Alongside this, regional and global approaches to issues like the climate crisis and plastic pollution are putting pressure on the packaging industry to account for its role in both perpetuating and addressing these. In what many have called a landmark move, the United Nations Environment Assembly (UNEA) this month agreed to develop a legally binding treaty on plastic pollution, which will likely have a major impact on the packaging industry. According to McKinsey, it is likely that capital allocation will increasingly be based on sustainability and extended producer responsibility (EPR) going forward, with a focus on circularity, reducing leakage into the environment, and accounting for carbon footprints.
McKinsey recommends that companies view sustainability holistically, in terms of both products and across supply chains and operations. It adds that there is no “easy win”, and that waiting out the sustainability transformation before committing to technologies and changes is a risk that will render some companies obsolete.

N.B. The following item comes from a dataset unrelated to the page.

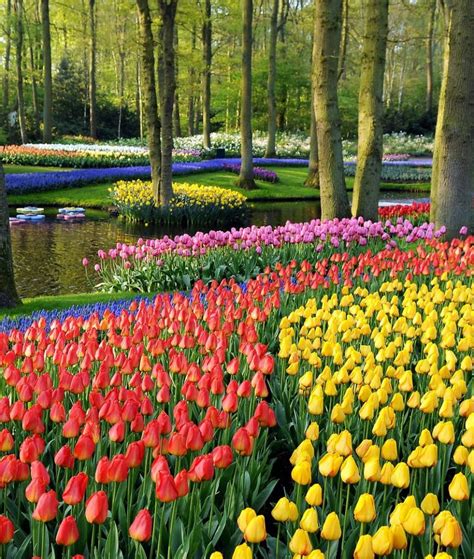 14 Reasons to visit the Netherlands in Spring! - Netherlands Tourism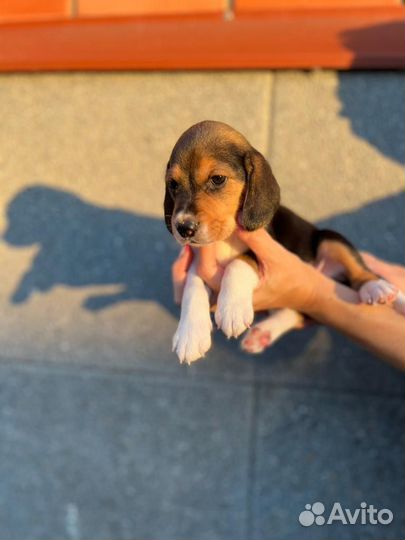 Щенки бигль торг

In terms of the digital transformation, challenges like the COVID-19 pandemic have changed consumer behaviour and packaging demand has shifted to e-commerce streams. McKinsey expects that design priorities could shift specifically to at-home unboxing, rather than on the retail shelves, as the e-commerce boom continues, which it adds could eliminate the demand for secondary packaging.
McKinsey notes that the packaging industry is in the early stages of digitisation, but that there are opportunities here to enhance the efficiency and security of supply chains, as well as aid in sustainable developments. Like McKinsey, Nulogy’s managing director, Josephine Coombe, told Packaging Europe that supply chain visibility is likely to be a key focus for the packaging industry going forward, allowing companies to adapt to e-commerce demand. Therefore, McKinsey says that digitalisation is likely to be a priority for the packaging industry in the future.
Looking to leadership
For McKinsey, the CEOs of the packaging industry have a number of emerging challenges to contend with – but the research group’s recommended course of action involves drawing on the basics.
McKinsey recommends that CEOs “invest where it matters to consumers and regulators” when it comes to sustainability, while “embrac[ing] digitization (including the use of automation) in the front, back, and middle of processes”. While the post-COVID-19 economic landscape is likely to come with some difficulties, McKinsey adds that getting pricing right, strategically managing supply chains, and attracting and retaining talent will all be key – and tried and tested – methods for dealing with new challenges.
McKinsey concludes that “change often emerges gradually and then accelerates suddenly. CEOs of packaging companies must treat the higher volatility of their markets as a new normal in this era of transformational change.
“Corporations that fail to address the real issues will face significant uphill struggles and risk going out of business or being acquired. Resilient and successful companies will embark upon the next level of value creation.”